Caption-style text data

+---+

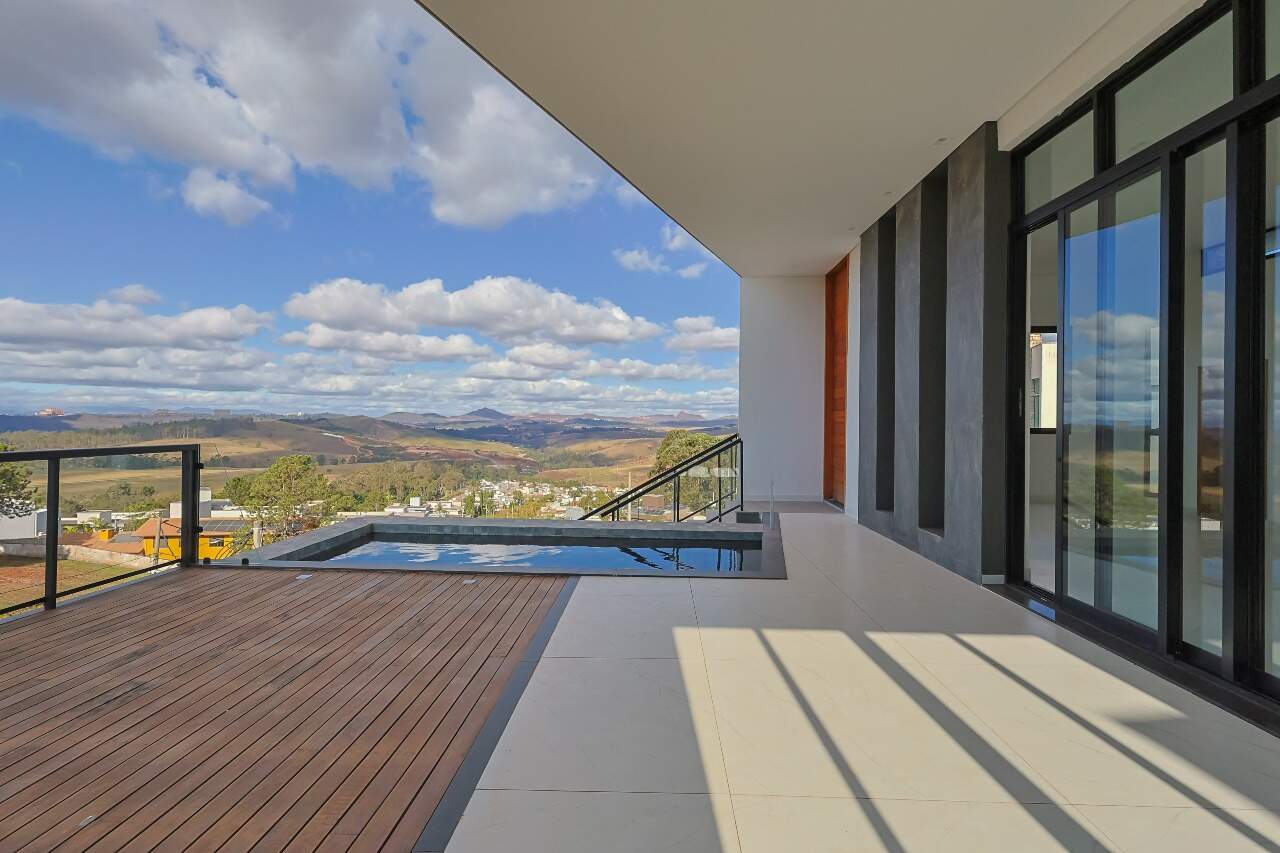 Casa à venda no Alphaville Lagoa dos Ingleses: 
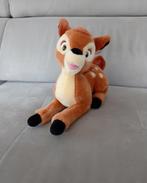 Peluche Bambi de Disney, Kinderen en Baby's, Ophalen, Zo goed als nieuw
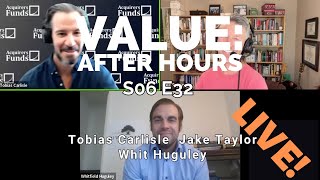 Value After Hours S06 E32 Microcap investor Whit Huguley on Citizens Bank FitLife and Greenfirst [upl. by Salokkin]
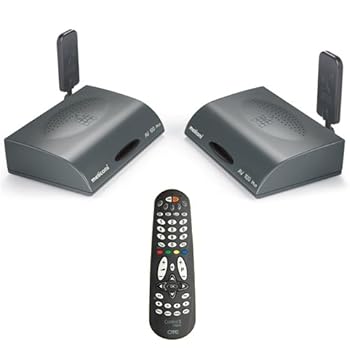 Meliconi 880023 Kit Transmetteur + Télécommande universelle 5 en 1 Meliconi 880023 Kit Transmetteur + Télécommande universelle 5 en 1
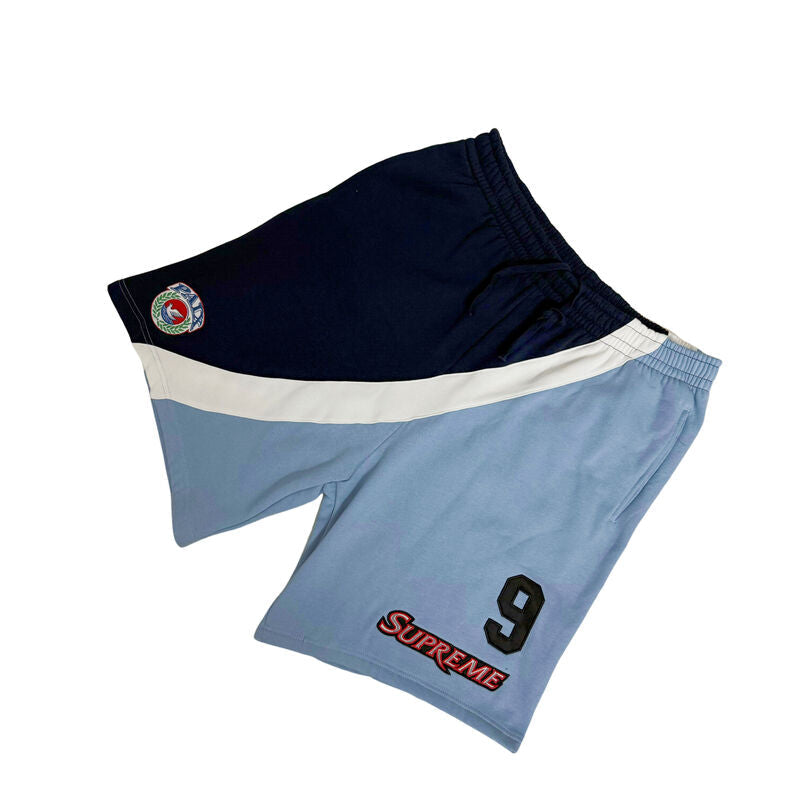 Conjunto Supreme Equipe Half Zip Azul - HYPER LIST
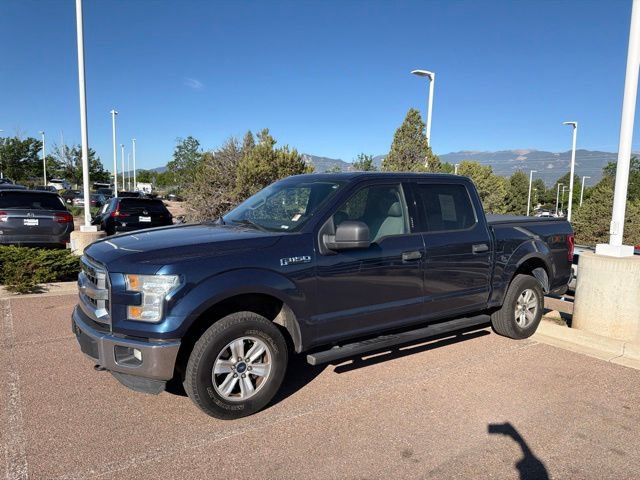 Used 2015 Ford F150 XLT AWD/4WD video 2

+---+

> [Work instruction]
The lines to return run from the line containing "en 1 Meliconi" through the last line of the records. Give them exactly, omitting pictures.

> [Result]
 Meliconi 880023 Kit Transmetteur + Télécommande universelle 5 en 1 Meliconi 880023 Kit Transmetteur + Télécommande universelle 5 en 1
 Conjunto Supreme Equipe Half Zip Azul - HYPER LIST
 Used 2015 Ford F150 XLT AWD/4WD video 2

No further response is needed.